Lookers
LA's candy-colored decadence
by Andrey Slivka
FAST FORWARD: GROWING UP IN THE SHADOW OF HOLLYWOOD, by Lauren Greenfield, with an introduction by Carrie Fisher and an
afterword by Richard Rodriguez. 79 color photographs. Alfred A. Knopf, 128
pages, $35.
"There is something brown and holy about the East," wrote Jack
Kerouac in one of his more credible moments, "and California is white like
washlines and empty-headed." It's as charming a passage as the sporadically
talented fellow ever wrote. But it's historically interesting, too, since at
this point it's hard to conceive of California -- particularly Southern
California -- as pure. That's assuming, of course, that the passage is
exclusively evoking blithe innocence. As Melville knew, whiteness can suggest
the ominous; and empty-headedness is as much the domain of the sociopath as of
the bleached-out Californians who populate our cultural mythology.
Lauren Greenfield's Fast Forward: Growing up in the Shadow of
Hollywood, a collection of photographs of Los Angeles's young people,
implies that what's so fascinating about Southern California is its conflation
of innocence and knowledge, of purity and utter corruption. There's nothing new
about this observation, of course: commentators on the West have been spinning
it out in one form or another since at least Mark Twain's time. And though
Greenfield is neither philosopher nor sociologist, her collection is a
brilliant document of the candy-colored decadence of LA's privileged precincts.
It's also an evocation of how elite values play on the deprived far side of
that city's tracks. Greenfield's photographs are accompanied by their young
subjects' personal narratives, which are occasionally heartbreaking and confirm
a sense of cultural free fall.
Several of Greenfield's generally middle-distance, color-saturated photographs
are posed, and in them her subjects engage in what the book suggests is their
birthright: the exploitation of our image-driven culture.
On first glance, a grungy, pretty girl who wears butterfly wings as she
perches on the back of a car in front of her Santa Monica private school
invites admiration.

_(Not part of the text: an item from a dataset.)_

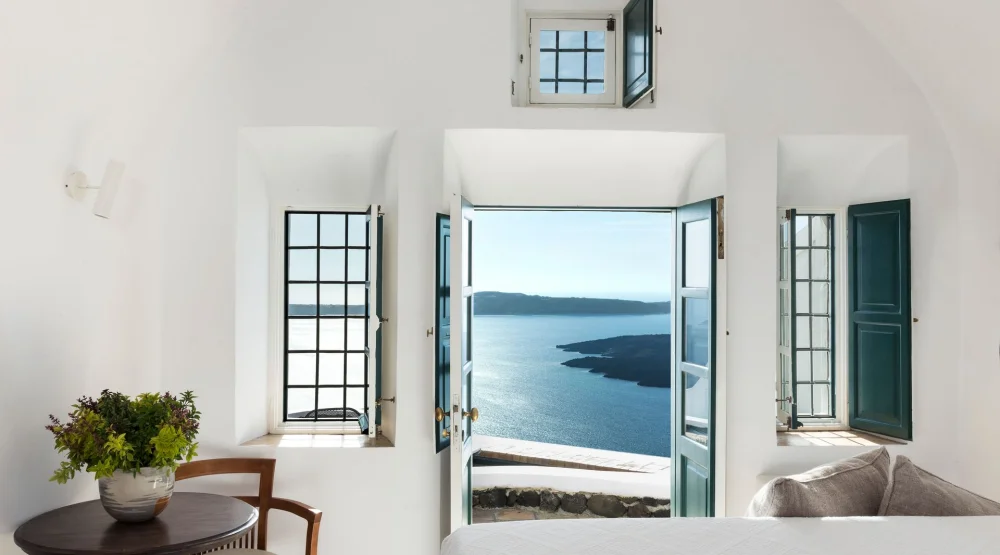 King Cat | Junior Pool Suite at The Vasilicos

Here's one adolescent who's unafraid of flaunting her
eccentricities or of eschewing the damaging stupidities that America, not to
mention LA, inflicts upon its young women. But there's a hard, cynical smirk in
the girl's 12-year-old face, and one wonders whether her stoner role-playing is
less liberating and creative than simply a learned and empty reflex performed
without irony, without control.
In another photograph, a boy sports black tie, yarmulke, sunglasses, and a
million-dollar smile as he strikes a shredder's pose on a photographer's
mock-up of a surfboard; he's as eerily at home before the lens as a
five-year-old has any right to be. It's a stunning photograph, because it's
impossible to know how much of the pose draws artlessly on the normal,
unselfconscious fantasy life of a typical five-year-old, how much is directed
at a viewer, and whether there's any longer a difference between the two.
This is Greenfield's central theme: to what extent are these children being
allowed to develop their own personalities, and how much have they already been
-- or have they always been -- implicated in the reflexes of the surrounding
culture? Adam, for example, stares stupidly at the breasts of the hired go-go
dancer at his bar mitzvah reception, while an adolescent girl in a white
leotard falls out of her tiny skirt in the background. Is this penny-ante decadence
something that Adam wants, or is he as much a slack-jawed
victim as his pronouncements -- "I don't think it's good for a child to grow up
in LA" -- suggest? Does 13-year-old Alison really want her own trainer,
counselor, nutritionist, singing coach, and driver? Her comments seem to
indicate that she's not sure: "Lately I have been thinking of going to boarding
school, because I really just want to get out of here."
Though Greenfield is primarily concerned with LA's affluent, she also offers
affecting portraits of kids in South Central, Compton, and other poor
neighborhoods. East LA party crew members come across as testosterone-soaked
morons as they throw signs at the camera, and an aspiring rapper named G-mo,
who seems to have the whole scam figured out -- "I want to have thangs " --
probably isn't as wise as he imagines. But there's something appealing about
Enrique, a poor kid who appears apprehensive as he hands over a wad of cash for
a limousine on prom night. Like his Westside counterparts, Enrique is
implicated in the culture of money and the image, but he seems to have some
sort of humane understanding of what participation in that culture can mean.
Fast Forward includes an introduction by Carrie Fisher and an afterword
by Richard Rodriguez. Fisher dithers about her troubled, privileged Southern
California existence; Rodriguez, who's one of our most interesting commentators
on California and the West, is on autopilot here, spinning out familiar riffs
on the American cult of adolescence. Greenfield's photographs are strong enough
that they should have been left on their own.